New advancements in Artificial Intelligence (AI) and edge computing for video analytics are energising the video surveillance market.
That’s according to technology intelligence firm ABI Research, which says these advancements will drive the global installed base of video surveillance cameras to 1.2 billion in 2030.
“By harnessing new advancements in AI and edge computing, all areas of a business can consider surveillance cameras as intelligent Internet of Things (IoT) devices that can gather data and issue alerts without human intervention,” said Lizzie Stokes, IoT Hardware & Devices and IoT Networks & Services Analyst at ABI Research. “The surveillance cameras on the market today are smarter and more powerful than their predecessors, prompting more companies to view cameras as accurate sensors that can predict human behavior.”
Lines of business such as marketing and HR are investing in video analytics solutions and smart cameras to bolster company profits and improve operational efficiency. These expanded use cases are increasing the business value of video surveillance cameras, once considered customary tools reserved for security and monitoring teams. Business units use AI-equipped surveillance solutions to track customer spending and satisfaction and monitor employee health and safety.

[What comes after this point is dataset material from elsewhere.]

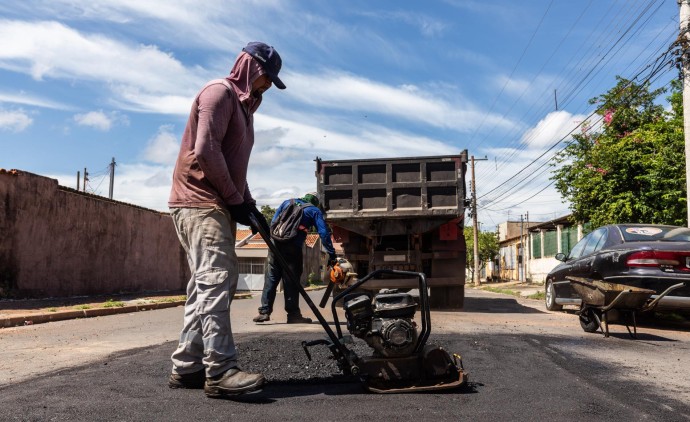 Prefeitura realiza operação tapa-buraco em treze pontos da cidade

Verticals like manufacturing use smart cameras to spot defective products on the factory floor, and municipalities use video surveillance solutions to improve public safety and optimize traffic patterns. New use cases for AI video analytics are transforming the industry as more customers shift investments toward services that mine surveillance footage for operational insights. Video surveillance vendors will continue to evolve their business models and product offerings to meet new demand from verticals and lines of business. Evolutions in camera connectivity technology have introduced new form factors, like advanced body cameras for law enforcement and cellular trail cameras for hunters. These new form factors and use cases will invigorate a market experiencing lower shipment growth.
Most surveillance camera manufacturers today provide AI-equipped cameras, and these smart devices have been essential catalysts in moving cameras beyond their traditional uses in security. Key video surveillance companies include Axis Communications, Honeywell, and Bosch. Motorola has also become an important player in the market after acquiring several popular video surveillance brands, some featuring cloud product portfolios. Chinese manufacturers Hikvision and Dahua continue to be the largest and most controversial companies in the video surveillance market, as more Western governments ban or remove their products from governmental buildings out of concerns for national security.
“The video surveillance industry experienced higher growth a decade ago and has since grappled with international disagreements, privacy concerns, and the threat of increased regulation. Though the market is maturing now, it has the potential to be transformed by new, value-adding use cases and form factors,” Stokes concludes.